Typique pour les jeunes filles atteintes de mono- / oligoarthrite. L'uvéite antérieure se développe. L'évolution de l'uvéite peut être aiguë, subaiguë et chronique. Dans le cas d'une uvéite aiguë, le patient développe une injection de sclérotique et de conjonctive, une photophobie et une lacrymation, une douleur dans le globe oculaire. Le processus est caractérisé par des dommages à l'iris et le corps ciliaire, l'iridocyclite est formée. Cependant, le plus souvent, l'uvéite avec polyarthrite rhumatoïde juvénile est subaiguë et chronique et est détectée même avec une acuité visuelle réduite. Lorsque l'évolution chronique développe une dystrophie cornéenne, une angiogenèse dans l'iris, des pics sont formés, ce qui entraîne une déformation de la pupille et une diminution de sa réponse à la lumière. Développe un trouble de la lentille - la cataracte. En fin de compte, l'acuité visuelle diminue, et la cécité complète et le glaucome peuvent se développer.

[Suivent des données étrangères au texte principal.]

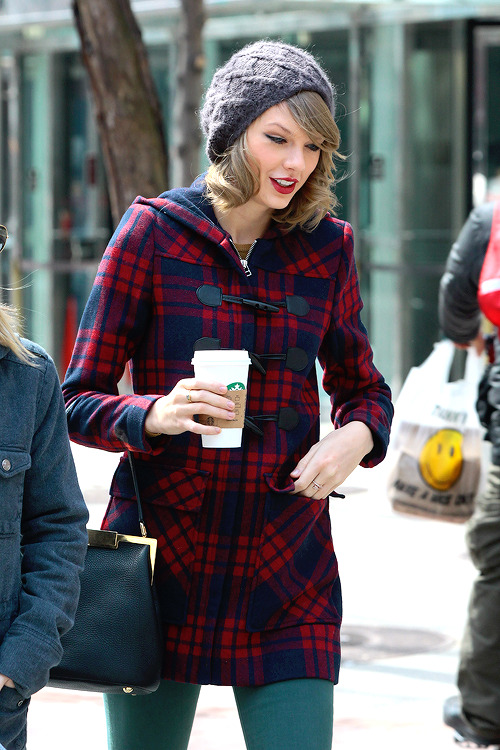 swiftgallery: Out and about in New York City (March 22, 2014)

L'uvéite associée à l'oligoarthrite peut être une manifestation de l'arthrite réactive associée à une lésion de la moelle épinière - spondyloarthrite.

Retard de croissance et ostéoporose

La polyarthrite rhumatoïde juvénile est l'une des maladies qui nuisent à la croissance.

La dysplasie est l'une des principales parmi les nombreuses manifestations extra-articulaires de la polyarthrite rhumatoïde juvénile. Le retard de croissance dans la polyarthrite rhumatoïde juvénile dépend indubitablement de l'activité inflammatoire de cette maladie et est particulièrement prononcé dans la version systémique du cours. L'inflammation chronique systémique provoque un ralentissement général et l'arrêt de la croissance, l'inflammation locale entraîne une augmentation de la croissance épiphysique et une fermeture prématurée des zones de croissance. En même temps, non seulement le processus de croissance de l'enfant lui-même souffre, mais il se forme une asymétrie dans le développement du corps. Il se manifeste sous-développement des mâchoires inférieure et supérieure, la cessation de la croissance osseuse en longueur. En conséquence, les enfants plus âgés conservent des proportions corporelles caractéristiques de la petite enfance.

La valeur négative a également des dommages polyarticulaires aux articulations, la destruction du cartilage et du tissu osseux, la diminution de l'activité motrice, l'amyotrophie, l'intoxication chronique avec le développement ultérieur de la dystrophie, qui inhibe également le processus de croissance.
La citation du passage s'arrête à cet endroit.